There are two arguments that vendors use for the flash-only array. One is that the price of flash and disk is rapidly converging, and the other is that flash-only arrays provide more consistent performance than hybrid arrays that combine flash and disk.
According to Varun Mehta, co-founder and VP of Engineering at Nimble Storage, however, both of these claims need “very careful examination”.
Nimble Storage believes that flash is still ten times more expensive than disk on a per-Gigabyte basis – and this is for low-end flash storage. Dave Goulden, President and COO of EMC, recently quoted a 40x price differential.
“The disk guys are talking about technologies such as shingled writes, heat-assisted magnetic recording (HAMR), and helium-filled drives that extend the capacity of disks for a long, long time. So I think flash will have to be very adept at trying to keep up with disk,” said Mehta.
Meanwhile, the argument that you need flash-only arrays for consistent performance is made by people who “just don't understand computer architecture very well,” according to Mehta.
“If you look at how a computer is built up, it's a series of caches – there are caches upon caches, and that's just the hardware.
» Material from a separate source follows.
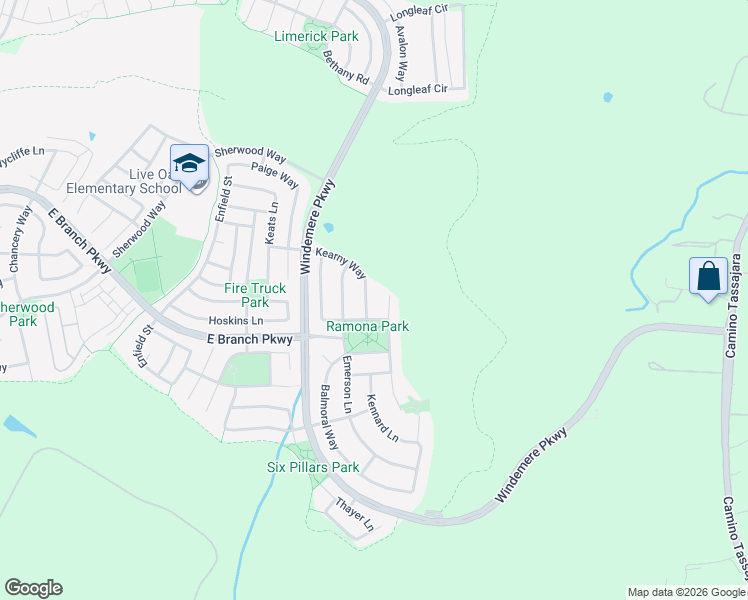map of restaurants, bars, coffee shops, grocery stores, and more near 6183 Kearny Way in San Ramon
The operating system and the applications have caches too, so to say that an architecture that relies on caching is somehow inefficient is arguing against all of computer science in a way.”
Flash is a cornerstone of Nimble's product portfolio, but co-founder and CTO Umesh Maheshwari explained that flash has limitations on how many times you can write to it. After you have written to it a few thousand times it wears out, so you can lose your data.
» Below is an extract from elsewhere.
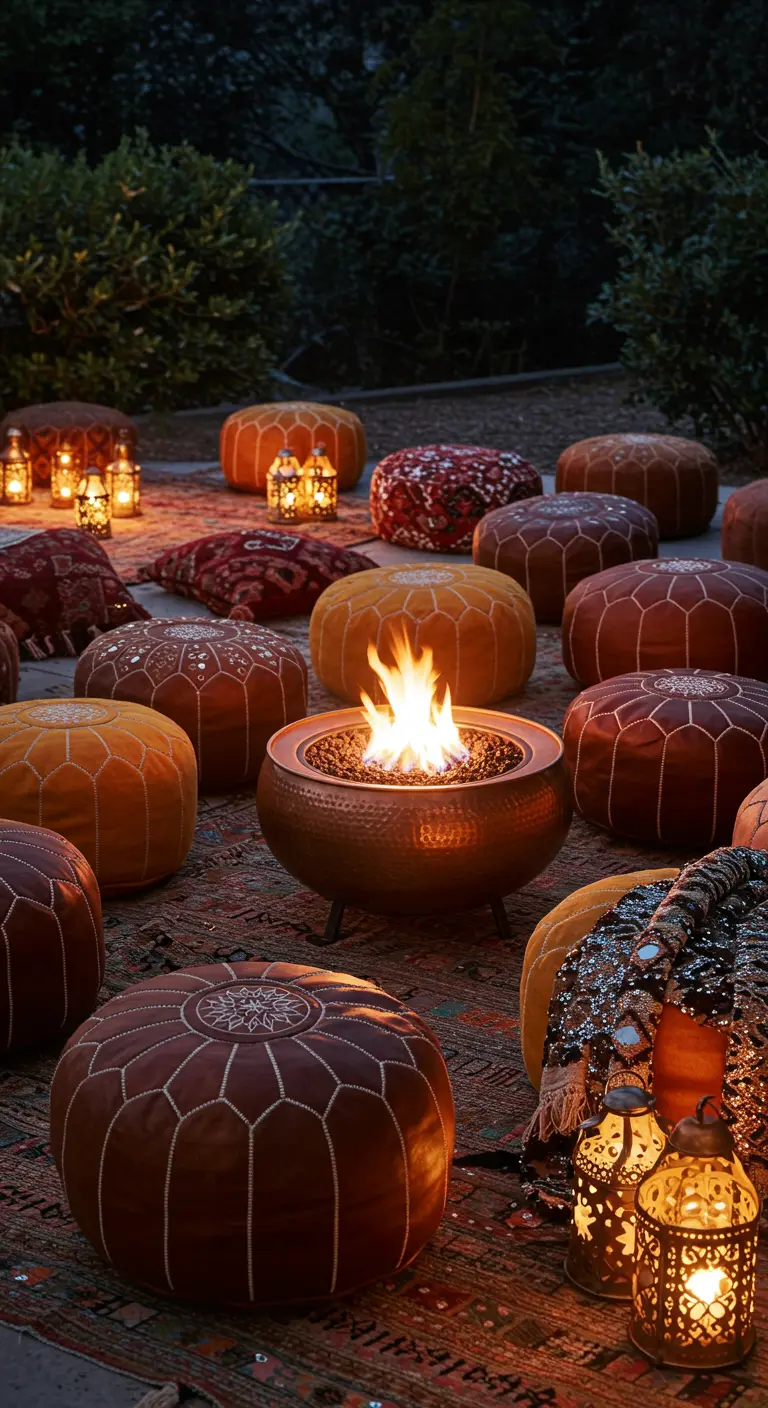 Leather poufs in warm tones circle a copper fire bowl, with lanterns and textiles nearby.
“There are ways to mitigate these problems, but they require even more resources, so you need more redundancy, maybe higher-end flash – that's even more costly, and even after that some of the questions remain,” he said.
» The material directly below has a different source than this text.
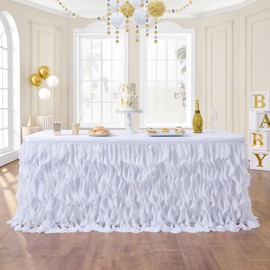 leegleri 9FT White Tutu Table Skirt for Rectangle&Round Tables-Tulle Curly Willow Table Skirt Decorations, White Ruffle Tablecloth for Wedding Bridal Shower Birthday Party Decorations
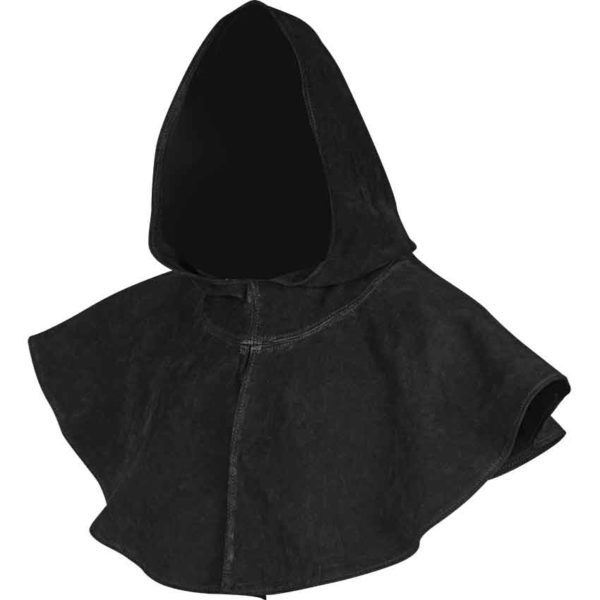 Black Medieval Suede Hood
It is for this reason that Nimble advocates combining disk and flash in a way that users get both the performance benefits of flash and the capacity advantages of disk.
The most common approach is to put the “hot” data in flash and the “cold” data on disk, but the problem is that the hot data often shifts. So in the case of Microsoft Exchange, for example, the “hot” data is the previous weeks emails – and these change on a weekly basis.
If data becomes hot, the user may want to promote it from disk to flash, so some data will have to be demoted from flash back to disk. This requires disk I/O, which is very expensive. The system therefore needs to work out whether data is really hot before it promotes it, and that can take hours or even days.
“If the system not responsive to a changing workload, then people will end up putting all of their Exchange in flash, and that defeats the purpose of having a hybrid system in the first place,” said Maheshwari.
Nimble therefore treats flash not as an endpoint of storage but as an accelerator on top of the disk, so all the data can reside on the disk, and the flash effectively acts as a cache. This reduces the load on the disk subsystem, because there are fewer residual reads going to the back end.
The company is now one of the few storage vendors certified to sell its storage arrays pre-packaged with Cisco's UCS, alongside EMC and NetApp. It hopes that this partnership will help it to extend its customer base from the mid-market to the enterprise.
“What is clear is that disk as a mechanical medium at some point will go away, but I don't think we will be there for a few years to come – at least in my mind, it will be somewhere between 5 and 15 years from now,” said Maheshwari.
“In our mission, flash does not appear anywhere. It says to build the most efficient storage systems. So today a combination of flash and disk is the best to get there.”